The company said its roughly 3,000 employees are still receiving pay and benefits, and it is operating a clinic to treat employees and residents who live near the sprawling plantation. A coalition of about 60 foreign companies in Liberia has formed to tackle the disease, work with international aid organizations and commit to the country for the long haul.

“Ebola exposed the fragility of the health system of the countries affected by the virus. It has also tested the governments of these countries, and their international partners,” a company spokesperson said in an e-mail. “Nevertheless, the investment potential is still there. … We are not discouraged by this temporary setback. Our investment is long-term so we are certain we’ll be able to catch up.”

Sime Darby has been in Liberia since 1977, and though it suspended operations during the height of the country’s civil wars, it always reopened for business. But no one is sure how new investors will react, particularly those outside of the mining and agricultural sectors that have long dominated the country’s economy.

The so-called “fear factor” could chill activity not just in Liberia, but spread across West Africa and even spill over into countries that Ebola has not touched. Nearly $53 billion in foreign investment flowed into Africa last year, according to consulting firm Ernst & Young, up 13 percent from 2012.

But one of the biggest obstacles to attracting even more business is perception.
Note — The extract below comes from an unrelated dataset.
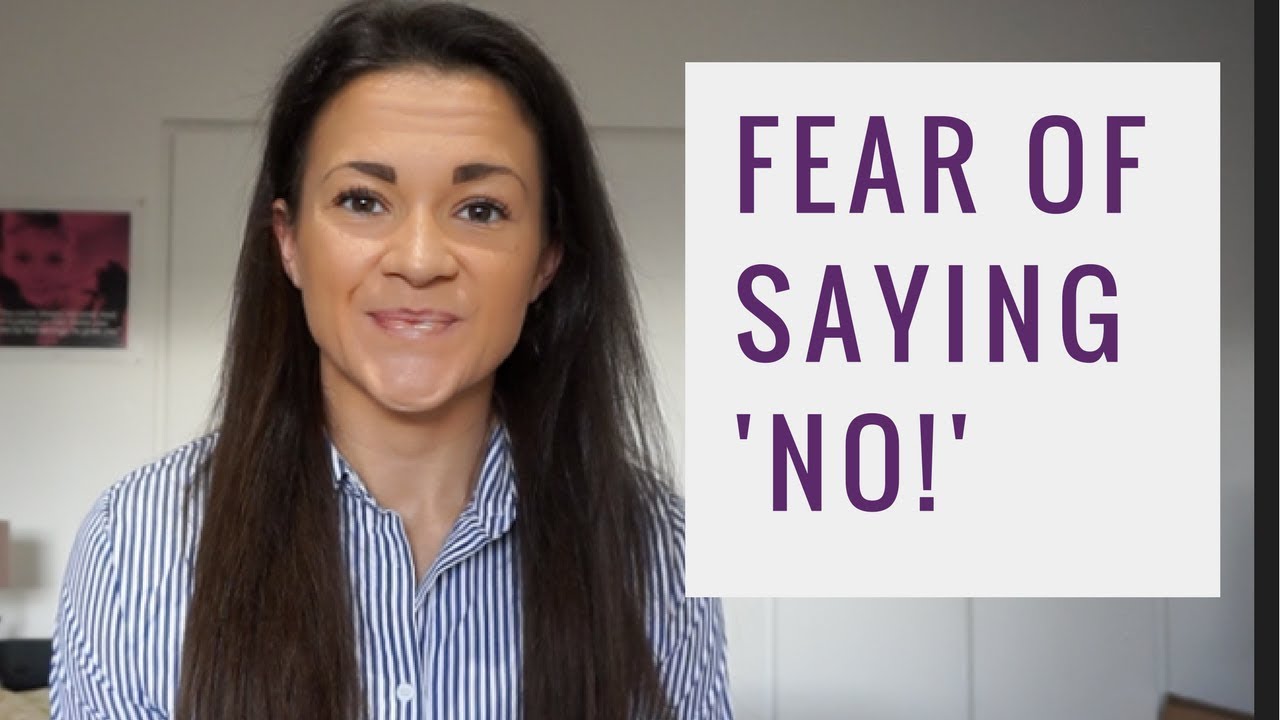 Getting Over Your Fear of Saying 'NO'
“What I fear most is the impact of panic, which will be interpreted by businesses and investors as if we don’t know what to do,” Donald Kaberuka, president of the African Development Bank Group, said in an interview. “That cannot be the new narrative of Africa.”
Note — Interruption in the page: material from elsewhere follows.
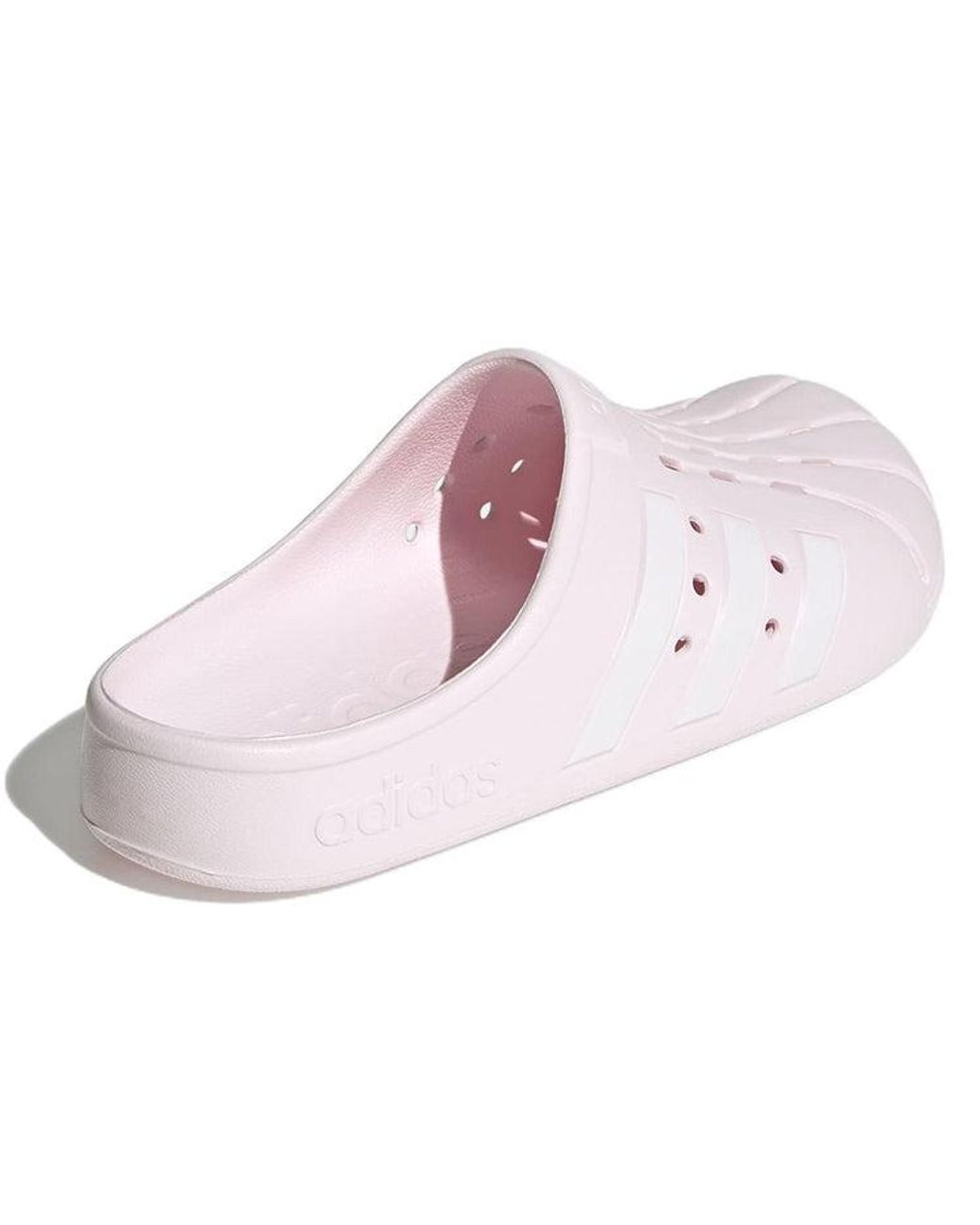 Adidas Pink Adilette Clog 'Almost' for men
Cultivating new industries is critical for Liberia’s development. Nearby Nigeria is a prime example: Income has more than quadrupled over the past decade, according to the World Bank. Telecom companies are erecting cell towers. Internet start-ups modeled after Amazon offer doorstop delivery of Dell laptops and Mama Gold Rice. The country is the epicenter of Africa’s film industry.
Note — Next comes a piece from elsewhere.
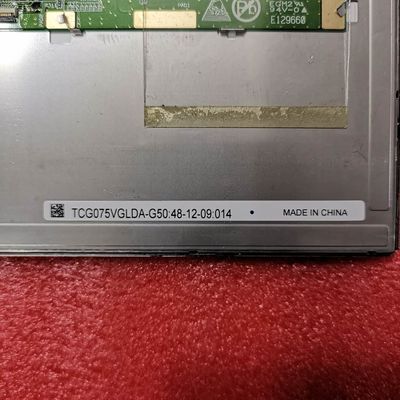 ΒΙΟΜΗΧΑΝΙΚΉ LCD ΕΠΊΔΕΙΞΗ TCG075VGLDA-G50 Kyocera 7.5INCH LCM 640×480RGB 400NITS WLED TTL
And when Ebola came to Nigeria over the summer, the country had the resources and infrastructure to contain the disease in a matter of weeks. No new cases have been reported since the end of August, and international health officials are close to declaring Nigeria as “Ebola-free.”

Meanwhile in Liberia, a hotel that the U.S. military has turned into a makeshift lab to test blood samples for Ebola unplugs the private generator it relies on for power every morning to conserve fuel, according to a scientist working there. At night, only a few light bulbs flicker in the hallways, and bats sometimes fly overhead.

In a plea to world leaders in Washington last week, Sirleaf argued that shoring up the power grid and other public projects are as essential for combating the disease as they are for cementing Liberia’s future.

“I thank you even more today as you join us in meeting the challenges of the Ebola crisis, ensuring that our renewed health care system will prevent a recurrence and our economic gains will be restored,” she said.